Meanwhile some people are expecting that somehow a massive amount of nodes (thanks to the artificially kept small blockchain) will be run on a network that nobody can really use but a few niche areas.

Basically, who will care running a node at all?

Oh... that... well..it would be a legitimate point if it made any sense at all..unfortunately it doesn't.

Without nodes there's no Bitcoin and without Bitcoin there is no payment channels, sidechains, off-chain services, nothing.

So basically by running a node you are not only supporting Bitcoin but all of its ecosystem. Imagine when nodes get commoditized and every one can set easily set up one and maintain it a little to no cost, the ultimate decentralization!
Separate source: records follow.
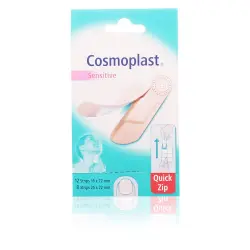 Cosmoplast apósitos sensitive quick-zip 20 u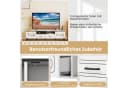 COSTWAY TV-Schrank Holz, Lowboard mit 2 Schubladen & Stauraum, 180,5 cm Bild 5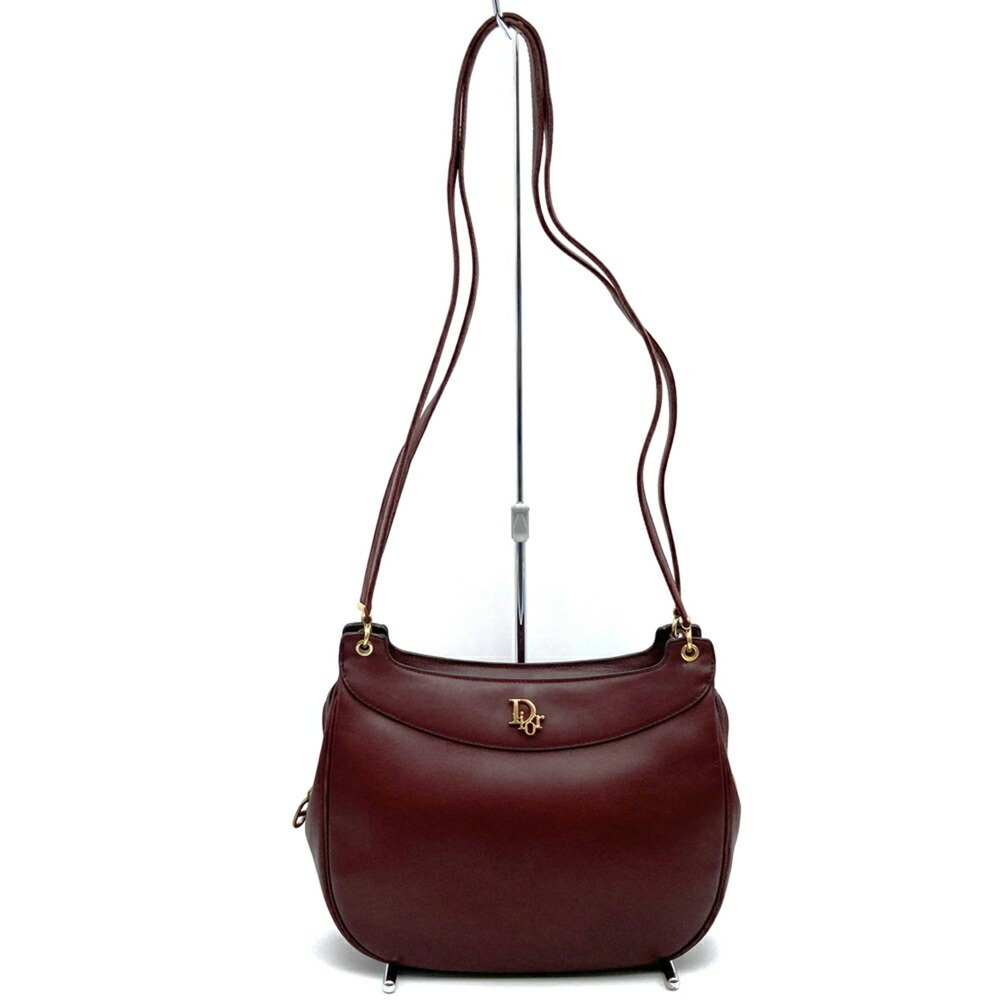 CHRISTIAN DIOR Vintage Red Leather Shoulder Bag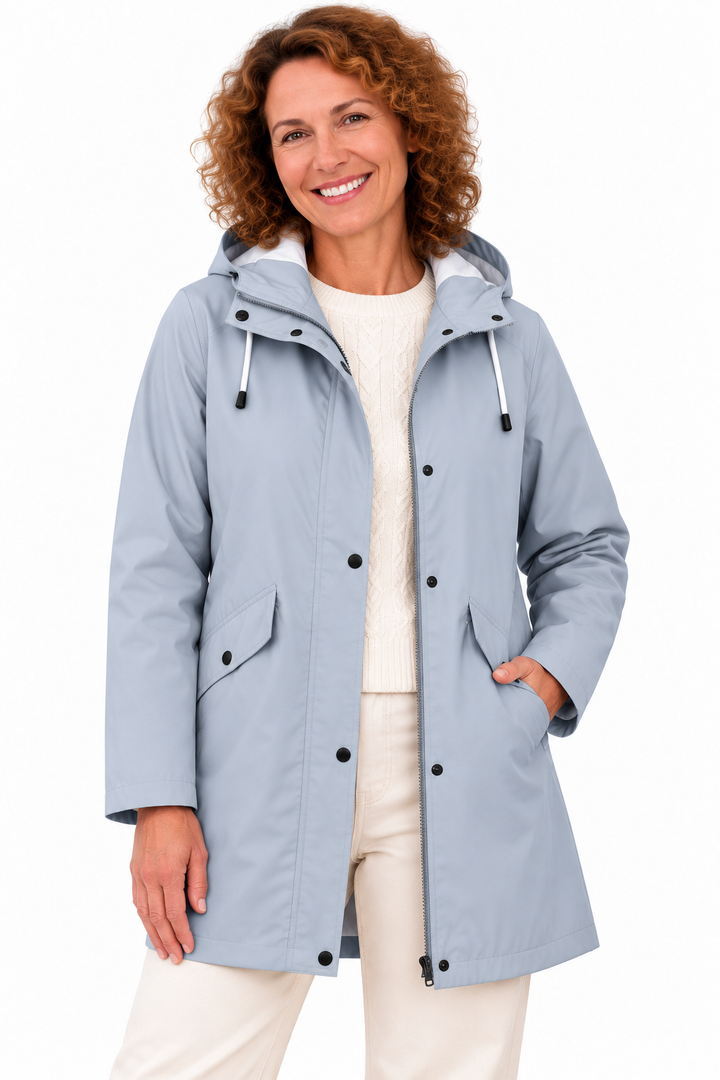 Mila – Lange Jas met Capuchon en Ritssluiting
Of course that can't happen if you bloat the blockchain so much that you'd need specialized hardware/datacenters to run it.


Look I'm not here to argue that decentralization + having a maximum of full nodes and security is not important. It is and I do care about that a lot just like you do.
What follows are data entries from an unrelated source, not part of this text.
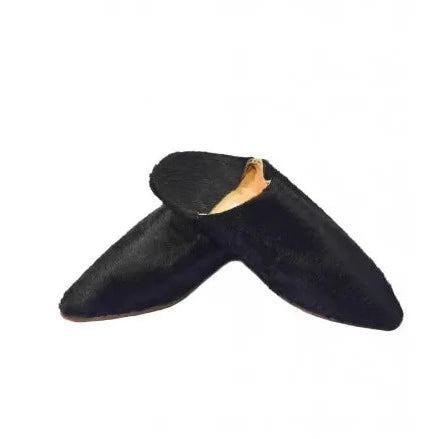 Goat leather babouche slipper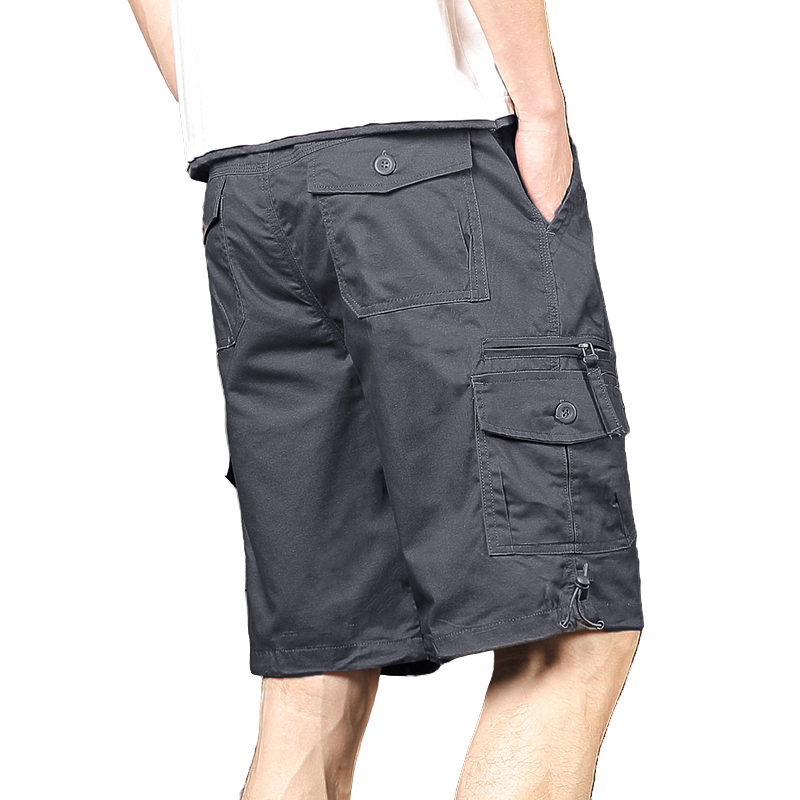 Men'S Fashion Loose Pants - Pantalones Cortos Cargo para Hombre, Moda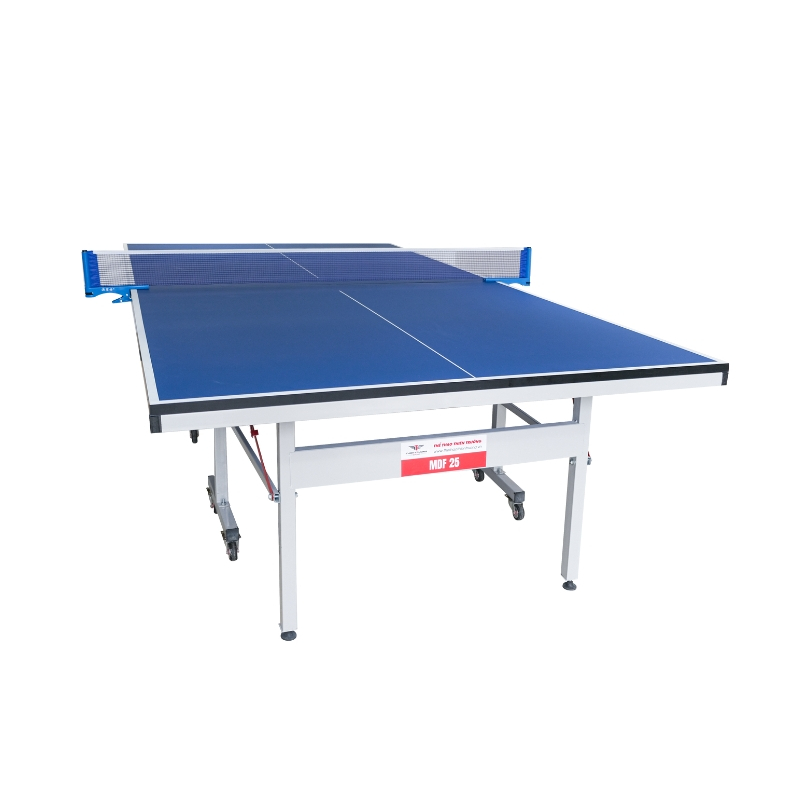 Bàn bóng bàn Thiên Trường MDF 25 ly  . tặng kèm bộ cọc lưới đi cùng ( chưa bao gồm vợt và bóng )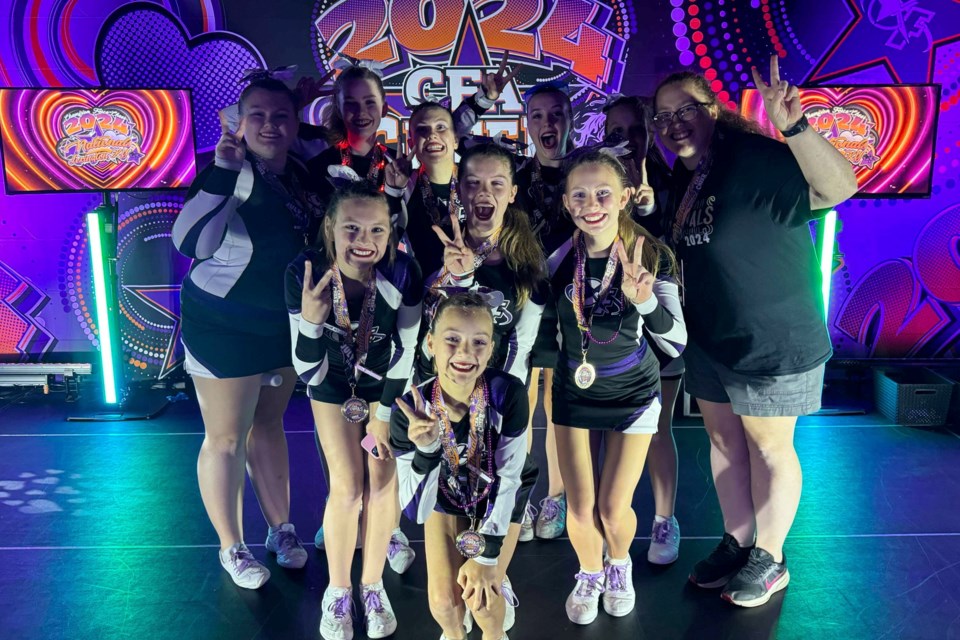 Champion Force, a cheer team from Sault Ste. Marie, placed 2nd in the Division 5 National Competition in Lexington, KY on July 28.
But how does that solve any problem about bloating? The bloat will just go elsewhere btw and there will still need people to run sidechain nodes with massive bloat.

Another thing, how do you expect to keep most of the miners on the main chain if most transaction volume happen on sidechains? How do you know if a sidechain will, at some point, become much more profitable to mine than the main chain? You don't, just like myself but risk is very real because big transaction volume = big potential transaction fees. You should think about the consequences of this very probable scenario.

I'm not sure what is this sidechain nodes you refer to... Bloat is dealt with by layers on top with more efficient ways to deal with transactions, see Lightning as an example. The important thing is not to externalize the cost of this bloat to the Bitcoin nodes which are not rewarded for their work.

If merged-mining is enabled miners can effortlessly mine different chains at once (like they do with Namecoin atm)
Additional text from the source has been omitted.